Understand the general concept of model fitting.

Introduction

Doing a data analysis involves much more than fitting models to data. In fact, a majority of time will likely be spent on tasks other than implementing and running model fits. Often, the steps that are necessary to get the data into a shape ready for analysis take up the majority of the time and effort.

That said, the process of fitting models to data, also called the statistical analysis, is at the heart of almost every data analysis. The question then is: What does it actually mean when we say we fit models to data, and how do we go about it in the right way?

The following sections provide brief introductions to specific topics, which will be revisited in more detail in further units.

Be aware of the goal

During all steps of your data analysis, you should have a clear goal in mind. Why are you doing what you are doing? What are you trying to learn? Without a clear goal (such as testing a hypothesis, or predicting outcomes), you might end up with a statistical/model-fitting approach that is not in fact suitable for what you are trying to accomplish. Therefore, at each step of the analysis, and especially when you are engaged in model fitting, you need to be clear about your goals.

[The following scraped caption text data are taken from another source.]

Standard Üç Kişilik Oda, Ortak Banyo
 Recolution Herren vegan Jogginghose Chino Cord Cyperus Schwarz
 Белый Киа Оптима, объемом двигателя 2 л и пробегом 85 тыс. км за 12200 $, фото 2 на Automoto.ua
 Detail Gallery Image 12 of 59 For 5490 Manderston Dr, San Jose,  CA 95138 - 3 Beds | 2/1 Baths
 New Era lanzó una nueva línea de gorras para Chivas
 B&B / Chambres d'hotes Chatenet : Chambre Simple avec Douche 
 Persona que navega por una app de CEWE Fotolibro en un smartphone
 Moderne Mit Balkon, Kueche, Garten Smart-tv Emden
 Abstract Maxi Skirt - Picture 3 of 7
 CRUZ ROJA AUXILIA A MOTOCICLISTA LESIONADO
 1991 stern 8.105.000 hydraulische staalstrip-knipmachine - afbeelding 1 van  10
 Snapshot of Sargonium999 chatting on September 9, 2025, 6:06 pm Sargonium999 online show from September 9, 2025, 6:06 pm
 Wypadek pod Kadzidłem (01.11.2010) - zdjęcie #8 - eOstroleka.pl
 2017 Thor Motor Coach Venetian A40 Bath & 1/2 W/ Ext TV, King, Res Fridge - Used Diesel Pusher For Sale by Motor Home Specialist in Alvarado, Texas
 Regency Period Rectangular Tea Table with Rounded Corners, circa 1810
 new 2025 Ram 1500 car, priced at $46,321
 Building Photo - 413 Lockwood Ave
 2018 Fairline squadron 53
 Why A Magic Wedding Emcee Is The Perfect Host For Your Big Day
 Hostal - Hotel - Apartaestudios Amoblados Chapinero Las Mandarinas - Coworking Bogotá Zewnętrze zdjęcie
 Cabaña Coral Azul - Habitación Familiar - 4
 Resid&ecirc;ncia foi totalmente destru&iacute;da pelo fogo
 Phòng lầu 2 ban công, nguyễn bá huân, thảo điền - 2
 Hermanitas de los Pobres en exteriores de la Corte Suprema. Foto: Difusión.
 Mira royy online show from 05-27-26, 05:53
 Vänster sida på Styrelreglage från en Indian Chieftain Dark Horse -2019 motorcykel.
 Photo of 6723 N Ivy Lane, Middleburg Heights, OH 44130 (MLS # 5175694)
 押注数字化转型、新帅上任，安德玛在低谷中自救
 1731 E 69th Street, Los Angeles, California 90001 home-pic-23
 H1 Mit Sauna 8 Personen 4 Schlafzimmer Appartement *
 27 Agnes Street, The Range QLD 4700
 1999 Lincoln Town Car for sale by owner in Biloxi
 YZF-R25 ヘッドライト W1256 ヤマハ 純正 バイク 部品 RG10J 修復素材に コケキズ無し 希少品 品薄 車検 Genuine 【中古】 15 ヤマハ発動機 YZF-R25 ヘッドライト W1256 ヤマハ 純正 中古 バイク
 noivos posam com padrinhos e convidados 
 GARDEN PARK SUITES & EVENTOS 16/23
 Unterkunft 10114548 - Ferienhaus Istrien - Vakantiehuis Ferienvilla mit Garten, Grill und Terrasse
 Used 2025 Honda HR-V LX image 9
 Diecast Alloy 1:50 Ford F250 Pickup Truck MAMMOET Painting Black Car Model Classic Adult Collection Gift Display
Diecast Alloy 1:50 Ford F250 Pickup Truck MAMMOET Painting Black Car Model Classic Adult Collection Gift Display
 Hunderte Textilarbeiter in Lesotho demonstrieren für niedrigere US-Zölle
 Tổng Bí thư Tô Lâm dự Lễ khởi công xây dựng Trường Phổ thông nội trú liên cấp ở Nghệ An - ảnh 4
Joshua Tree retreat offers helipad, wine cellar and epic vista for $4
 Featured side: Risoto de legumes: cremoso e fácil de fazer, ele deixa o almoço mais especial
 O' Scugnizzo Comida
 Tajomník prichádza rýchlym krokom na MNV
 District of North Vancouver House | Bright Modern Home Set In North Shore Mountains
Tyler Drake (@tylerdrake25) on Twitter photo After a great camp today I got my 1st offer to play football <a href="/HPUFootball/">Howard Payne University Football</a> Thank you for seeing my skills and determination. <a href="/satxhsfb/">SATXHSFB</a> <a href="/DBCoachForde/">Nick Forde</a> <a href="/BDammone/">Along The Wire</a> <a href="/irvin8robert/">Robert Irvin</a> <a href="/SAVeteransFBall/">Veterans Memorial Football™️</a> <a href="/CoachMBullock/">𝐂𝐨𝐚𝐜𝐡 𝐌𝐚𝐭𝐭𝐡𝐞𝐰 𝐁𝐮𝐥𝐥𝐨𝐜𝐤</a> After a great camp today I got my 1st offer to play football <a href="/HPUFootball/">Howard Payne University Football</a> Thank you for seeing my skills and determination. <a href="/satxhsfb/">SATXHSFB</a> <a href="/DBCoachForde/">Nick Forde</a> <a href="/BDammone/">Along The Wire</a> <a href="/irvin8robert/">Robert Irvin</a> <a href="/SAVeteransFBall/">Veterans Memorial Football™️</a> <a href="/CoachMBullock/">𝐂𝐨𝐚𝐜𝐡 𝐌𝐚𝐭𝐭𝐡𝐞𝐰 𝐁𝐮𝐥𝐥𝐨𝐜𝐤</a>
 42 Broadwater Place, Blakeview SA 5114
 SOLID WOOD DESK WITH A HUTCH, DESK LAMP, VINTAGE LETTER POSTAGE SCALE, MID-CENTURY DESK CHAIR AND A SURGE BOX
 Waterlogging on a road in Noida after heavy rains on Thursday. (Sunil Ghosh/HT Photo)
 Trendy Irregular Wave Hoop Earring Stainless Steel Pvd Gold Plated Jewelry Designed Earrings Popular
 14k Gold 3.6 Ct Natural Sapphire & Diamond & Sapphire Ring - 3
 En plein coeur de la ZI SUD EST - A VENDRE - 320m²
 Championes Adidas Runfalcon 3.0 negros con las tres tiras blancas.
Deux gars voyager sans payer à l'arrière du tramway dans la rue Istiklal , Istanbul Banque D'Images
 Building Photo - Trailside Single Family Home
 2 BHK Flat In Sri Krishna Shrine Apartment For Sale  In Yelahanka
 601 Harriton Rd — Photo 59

Be clear about the metrics

Similar, but not the same as the overall goals is to be clear about the metric that you want to use to evaluate your model. Not only do you need to specify the outcome(s) you are most interested in, and how to quantify them, you will also need to specify how you compare these outcomes reported in the data with what your model predicts. This needs to be put into quantitative form and if you choose the wrong metric, you might not answer the question you actually want to answer. We’ll cover that in more detail shortly.

Decide on a framework

In classical statistics, there are two main frameworks, Bayesian and frequentist.¹ One could maybe call Machine Learning yet another framework that is often neither properly frequentist or Bayesian. You will have to decide on the approach you want to use (or, if you are an overachiever, you can do it in more than one framework). Ideally, the approach should be dictated by the setting and question, and you should choose the best approach given your goals. In practice, other factors come into play, such that your skills and familiarity with a certain approach, what colleagues/clients/bosses want, what computational resources you have available, etc. While I personally prefer the Bayesian framework, I think in the end there are many other places in the analysis that are more important than picking the framework. Still, you should think about it and once you have a specific framework, be aware that this is the one you chose. So if you say operate in a frequentist framework and then switch to talking about predictions (an very common occurrence in the scientific literature), you are likely mis-interpreting your own analysis.

Decide on the tools

Together with the framework, you also need to pick your favorite, or most suitable, analysis software. This is generally not that important, as long as you choose a software that can do what you want it to do. General-purpose languages such as R, Python or Julia are most often great choices. Sometimes, you might want to use more specialized software. The important part is that the software allows a READy workflow.

Summary

You have to make many choices when it comes to the data fitting part of your data analysis. While some choices are better than others, the most important aspect is to think about it and consciously choose an approach. While in an ideal world, everyone would choose the best modeling approach for a given problem, in the real world that rarely happens. Just make sure you understand what different choices mean with regards to assumptions and limitations.

Further Resources

We won’t be able to discuss Bayesian data analysis in this course, but if you are interested, Statistical Rethinking is an excellent book. It’s unfortunately not free. Another great, and free book is Bayes Rules!.

Footnotes

For some inexplicable, dumb reason, it is convention to capitalize Bayesian but not frequentist.↩︎